The Magic of Naturally Leavened Dough
When it comes to artisanal baking, crafting a true sourdough bread is a rite of passage. In French baking circles, this style is often referred to as focaccia au levain, a beautiful hybrid of Italian tradition and wild yeast fermentation. If you are searching for the ultimate sourdough recette, this is the perfect starting point because the high hydration does all the heavy lifting for you.
Achieving what many consider focaccia the perfect loaf isn’t about intense kneading or complicated shaping techniques. Instead, it relies on time and a few gentle stretch-and-folds to build gluten. The long overnight fermentation allows the wild yeast to slowly work its magic, creating a web of gluten that traps gases and results in those highly sought-after, cavernous bubbles.
Health Benefits and Quality Ingredients
Choosing to bake with a wild yeast culture rather than commercial yeast offers more than just a superior flavor profile. The slow fermentation process helps break down phytates in the flour, unlocking the Health benefits of sourdough bread by making the nutrients more bioavailable and the bread generally easier to digest. Furthermore, the natural fermentation process supports the Role of prebiotics in gut health, feeding the good bacteria in your digestive system.

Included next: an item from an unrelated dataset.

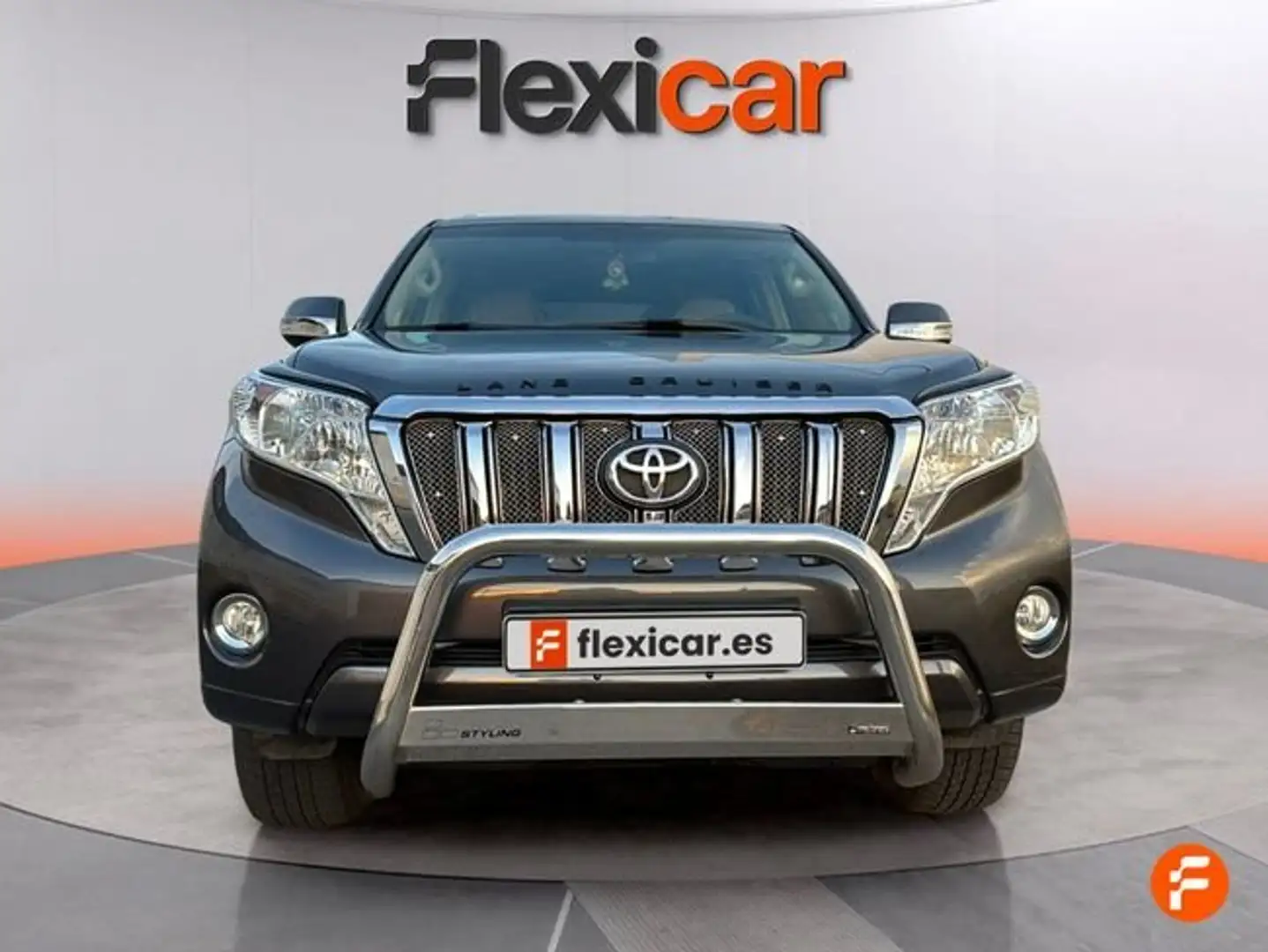 Toyota Land Cruiser D-4D Limited Aut. Gris - 2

Another star component of this recipe is the generous pour of quality fat. Focaccia is inherently rich in oil, which gives it that signature fried-bread texture on the bottom. By using a high-quality extra virgin olive oil, you are infusing the dough with incredible flavor while also taking advantage of the Heart-healthy benefits of extra virgin olive oil.
If you happen to have any leftovers that go stale—though it rarely lasts that long—you can cube the bread and repurpose it. Leftover focaccia makes incredible croutons, or it can be used as a savory base for a hearty sourdough french toast casserole.

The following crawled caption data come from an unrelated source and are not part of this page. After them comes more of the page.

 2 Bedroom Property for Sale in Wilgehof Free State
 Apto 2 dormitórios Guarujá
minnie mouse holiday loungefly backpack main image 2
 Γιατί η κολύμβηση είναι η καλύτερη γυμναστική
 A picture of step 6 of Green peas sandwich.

Understanding the Baker’s Math
Getting the right focaccia ratio is key to a successful bake. This specific recipe focaccia dough sits at around 80% hydration, meaning the weight of the water is 80% of the weight of the flour. This high water content is exactly what creates the light, jiggly dough necessary for those iconic dimples.
While this guide focuses on a classic savory preparation with sea salt and rosemary, the dough is incredibly versatile. You can even adapt the base to create sweet variations. For example, some inventive bakers top their dimpled dough with butter, cinnamon, and sugar to create a unique focaccia cinnamon roll hybrid that is perfect for a decadent weekend brunch.
Ingredients
To make this sourdough focaccia recipe, gather the following ingredients:

- 100g active sourdough starter
- 400g filtered water
- 15g honey
- 500g bread flour (or all-purpose flour)
- 10g flaky sea salt (like Maldon)
- 50g extra virgin olive oil (plus more for pan and dimpling)
- Optional toppings: fresh rosemary, olives, sun-dried tomatoes, or cheese
Instructions
Follow these steps carefully to achieve the perfect bake:

- Feed your sourdough starter and wait until it is active, bubbly, and passes the float test.
- In a large mixing bowl, whisk together the active sourdough starter, filtered water, and honey until dissolved.
- Add the bread flour and salt, mixing until a wet, sticky, and shaggy dough forms.
- Cover the bowl and perform a series of 3 to 4 stretch and folds every 30 minutes to build gluten structure and pass the windowpane test.
- Cover the bowl tightly and let the dough undergo a long, slow bulk fermentation overnight at room temperature until it has doubled in size and is full of bubbles.
- Generously coat a 9×13-inch baking pan with extra virgin olive oil.
- Transfer the dough into the pan, gently stretching it toward the edges, and let it proof for its second rise for 2 to 4 hours until very puffy and jiggly.
- Coat your hands in olive oil and press your fingers deep into the dough to create signature dimples all over the surface.
- Drizzle with additional olive oil, sprinkle generously with flaky sea salt, and add any desired toppings like rosemary or olives.
- Bake in a preheated oven until the crust is oil-crisped and deeply golden brown, then transfer to a wire rack to cool completely before slicing.
Frequently Asked Questions
How do I adjust my sourdough focaccia baking schedule for a cold kitchen versus a warm summer kitchen?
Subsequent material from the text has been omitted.